La caméra fait du mouvement son point d’interrogation : qu’est-ce qui meut Alex et ses amis ? Après quoi courent-ils ? Quel motif caché, quel désir morbide ? A travers ces questions, Téchiné trace un sillon bien connu de son cinéma, qui consiste à filmer la jeunesse dans ses élans, fussent-ils incohérents ou irrationnels, car ils définissent sa beauté propre. Mathieu Macheret

Film français d’André Téchiné. Avec Catherine Deneuve, Kacey Mottet Klein, Oulaya Amamra, Stéphane Bak (1 h 43).

« Monrovia, Indiana » : dans le Midwest trumpiste

Monrovia, Indiana - Official Trailer (2018)
Durée : 01:55

Filmer le réel, c’est se soumettre à ses caprices. Il arrive que la chance sourie pendant qu’on a l’œil collé au viseur. Des cinéastes en ont profité pour réaliser des films renversants. Mais il en va de la chose documentaire comme de la militaire, c’est dans l’adversité que se révèle la grandeur.

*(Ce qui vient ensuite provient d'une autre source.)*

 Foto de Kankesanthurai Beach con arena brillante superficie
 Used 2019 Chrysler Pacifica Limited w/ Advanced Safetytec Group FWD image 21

Monrovia (Indiana), la ville, n’a pas offert à Frederick Wiseman ce à quoi le vieux (89 ans) réalisateur pouvait prétendre : une radiographie de ces Etats-Unis « rouges » (de la couleur qui désigne le Parti républicain) qui ont porté Donald Trump au pouvoir.

Monrovia, Indiana, le film que Wiseman a rapporté de son séjour dans cette bourgade située à quelques dizaines de miles de la capitale de cet Etat du Midwest, Indianapolis, ne sera donc pas un de ses grands films politiques comme ont pu l’être State Legislature (2007) ou At Berkeley (2013). Mais, de manière inattendue chez un cinéaste qui a toujours fait passer la substance avant la forme, un poème élégiaque sur un monde qui lui est étranger : une succession de séquences paisibles qui égrènent les moments d’une vie en apparence harmonieuse, sûrement un peu ennuyeuse, entrecoupée de plans d’une stupéfiante beauté volés à l’horizontalité infinie de la plaine qui s’étend autour de la ville (un carrefour en plein champ évoque irrésistiblement La Mort aux trousses, d’Hitchcock, sauf qu’on attendra toujours Cary Grant et l’avion). Rien qui fasse couler l’adrénaline, mais une patience et une exigence qui finissent par produire autant de pensées et d’émotions que la dissection politique à laquelle on aurait pu s’attendre. Thomas Sotinel

Documentaire américain de Frederick Wiseman (2 h 23).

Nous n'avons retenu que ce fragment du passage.